=== What you have to do ===
Set down each entry as it stands. Skip the pictures.

─── Working data

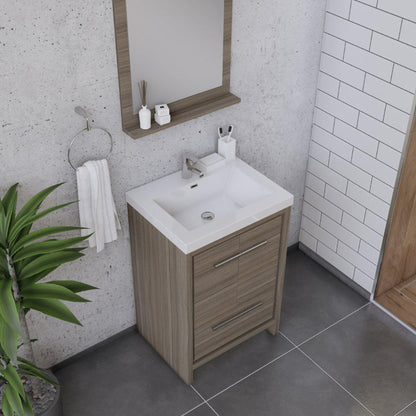 Alya Bath Sortino 24" Single Gray Modern Freestanding  Bathroom Vanity With Acrylic Top and Integrated Sink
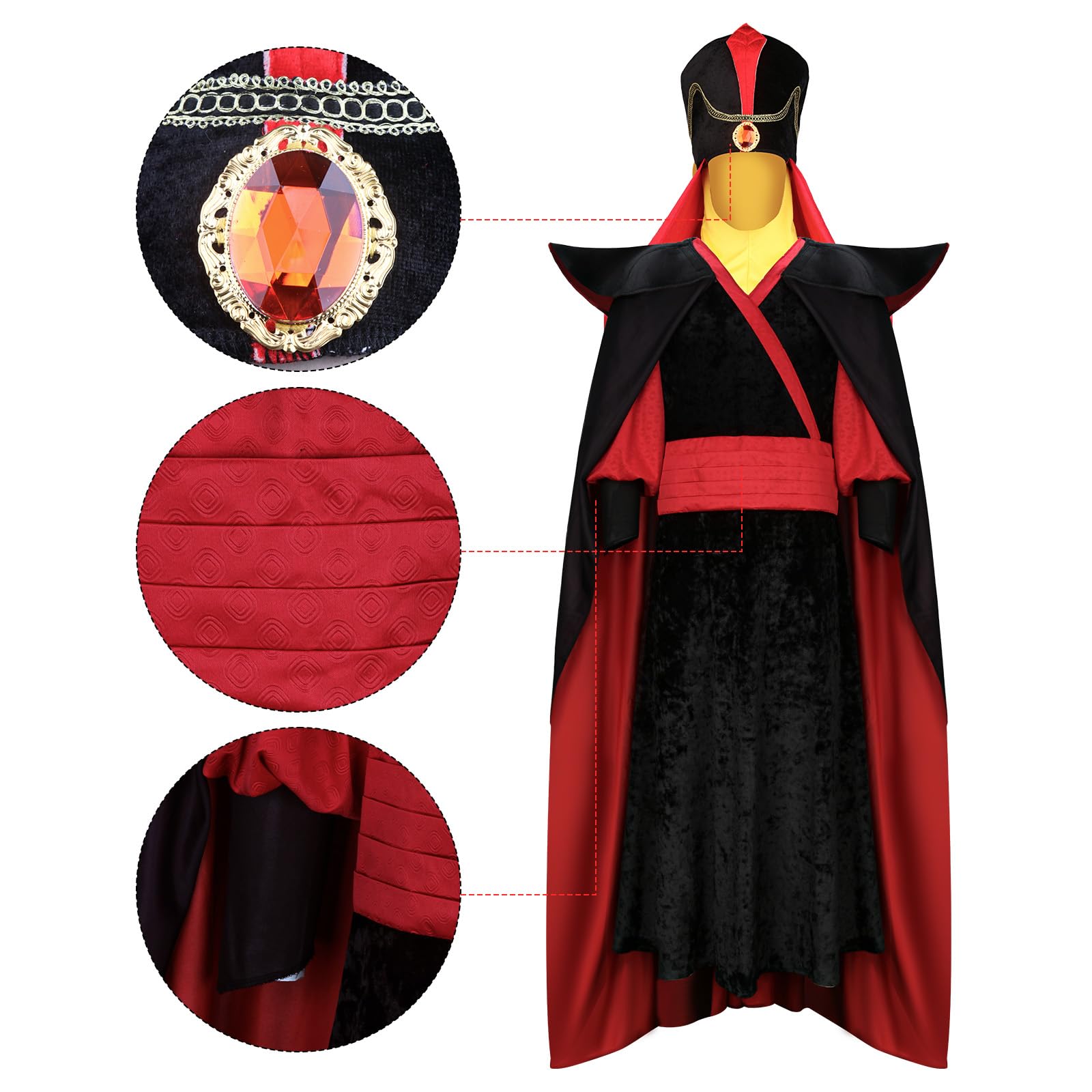Adulto Cosplay Disfraz de Villano Árabe Túnica Capa Turbante Accesorios para Hombres Halloween Carnaval Fiesta Traje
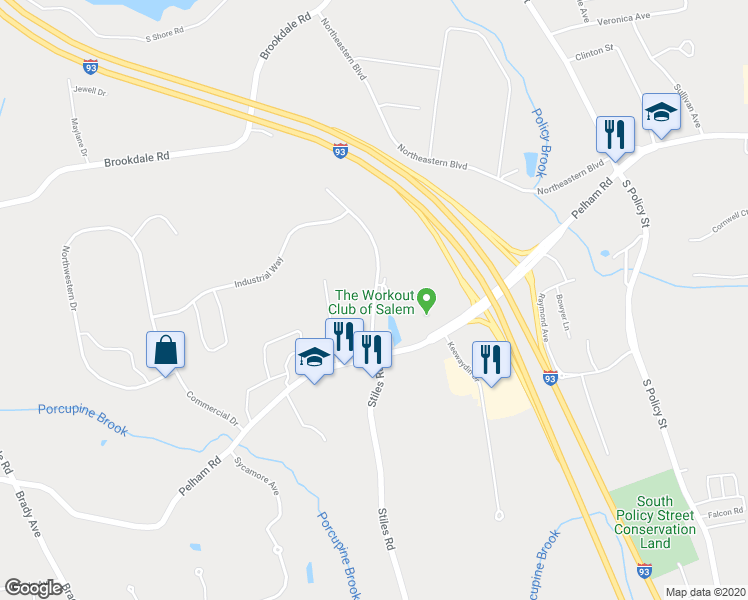 map of restaurants, bars, coffee shops, grocery stores, and more near 1 Manor Parkway in Salem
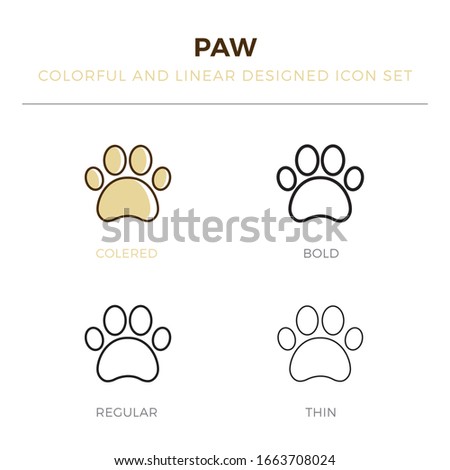 pawprints icon in different style vector illustration.one colored and black pawprints vector icons designed in filled, outline, line and stroke style can be used for web, mobile, ui
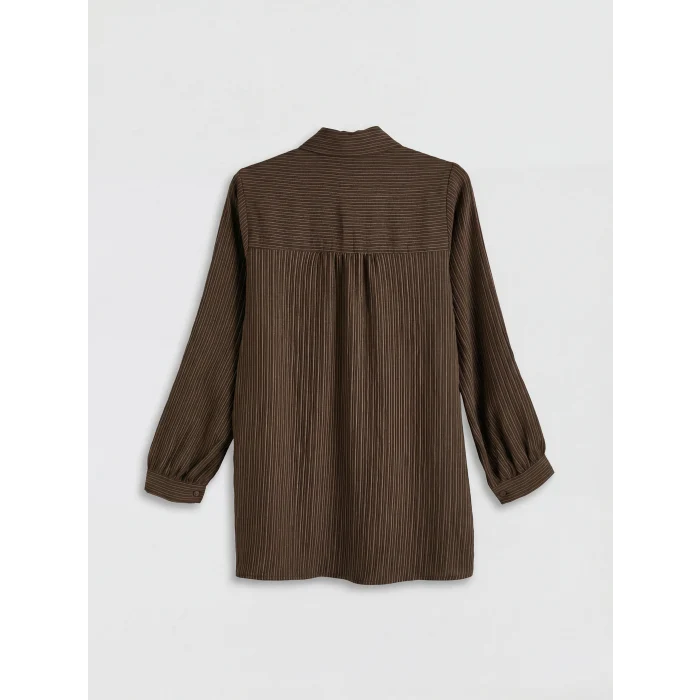 LCWAIKIKI Classic Kahverengi Gömlek Yaka Çizgili Oversize Armürlü Kadın Tunik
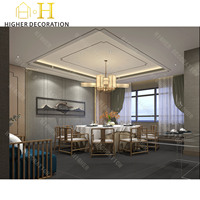 Décoration intérieure de chambre privée d'hôtel de luxe, mobilier d'intérieur d'hôtel, panneaux muraux décoratifs en bois, tables et chaises haut de gamme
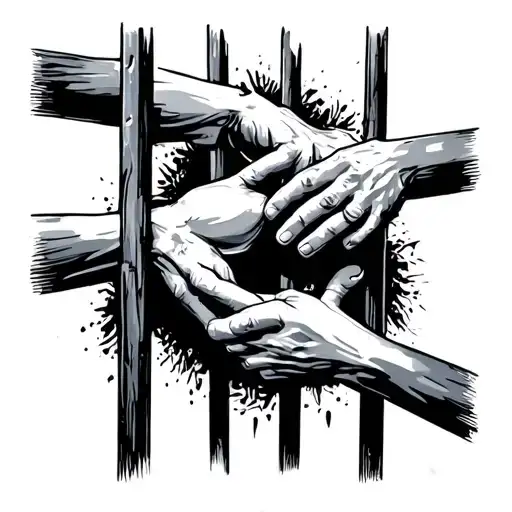 hands grabbing jail bars tattoo design idea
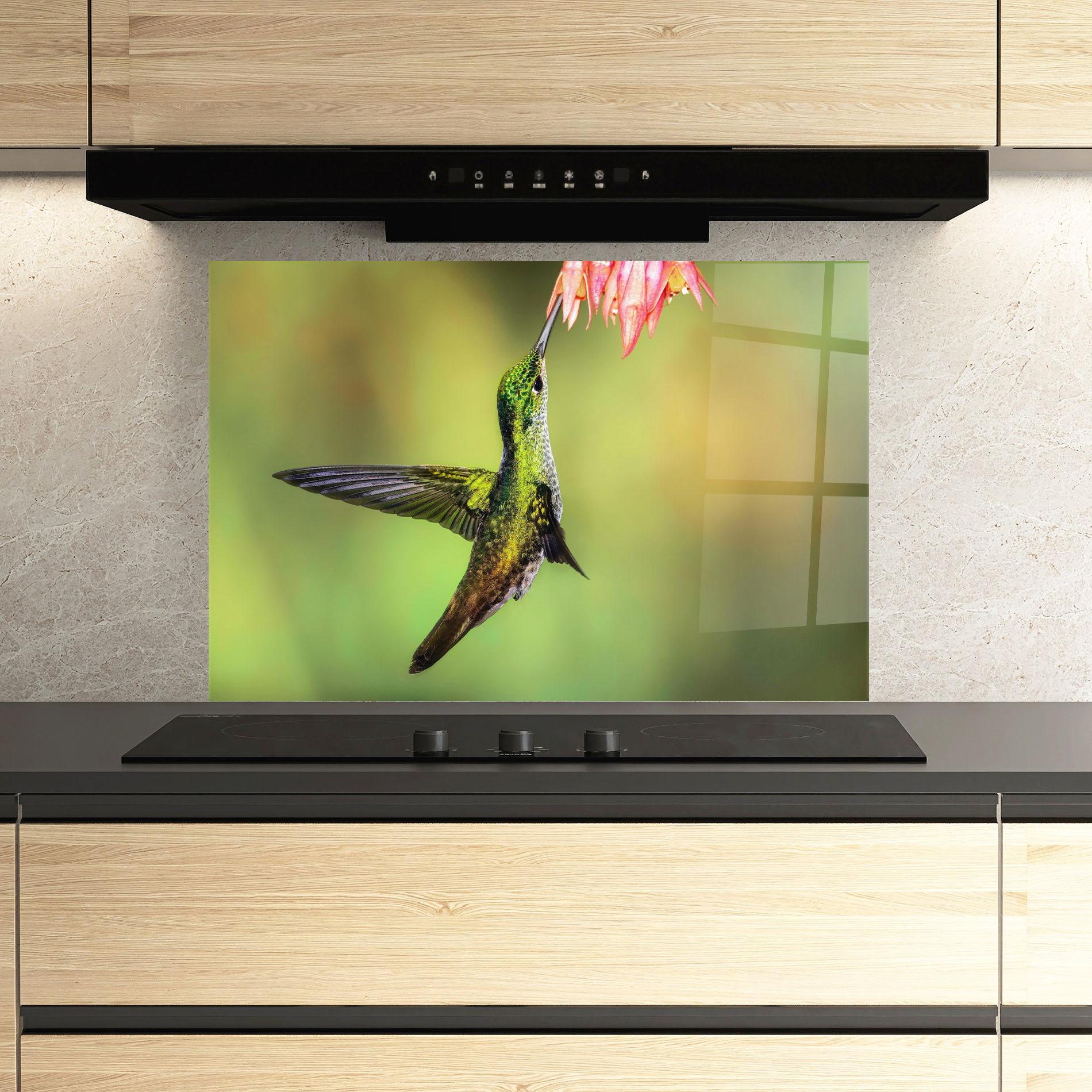 Panou Sticla Bucatarie Wild Bird Flower mockup 3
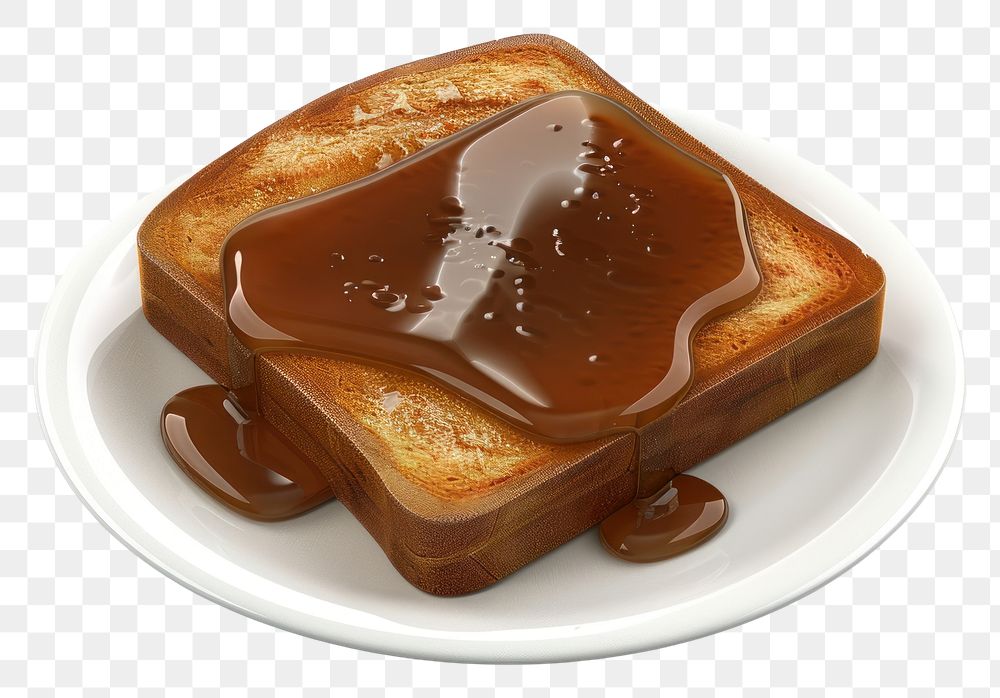 PNG Honey Toast toast bread plate.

──────

=== Solution to this problem ===
 Alya Bath Sortino 24" Single Gray Modern Freestanding  Bathroom Vanity With Acrylic Top and Integrated Sink
Adulto Cosplay Disfraz de Villano Árabe Túnica Capa Turbante Accesorios para Hombres Halloween Carnaval Fiesta Traje
 map of restaurants, bars, coffee shops, grocery stores, and more near 1 Manor Parkway in Salem
 pawprints icon in different style vector illustration.one colored and black pawprints vector icons designed in filled, outline, line and stroke style can be used for web, mobile, ui
 LCWAIKIKI Classic Kahverengi Gömlek Yaka Çizgili Oversize Armürlü Kadın Tunik
 Décoration intérieure de chambre privée d'hôtel de luxe, mobilier d'intérieur d'hôtel, panneaux muraux décoratifs en bois, tables et chaises haut de gamme
 hands grabbing jail bars tattoo design idea
 Panou Sticla Bucatarie Wild Bird Flower mockup 3
 PNG Honey Toast toast bread plate.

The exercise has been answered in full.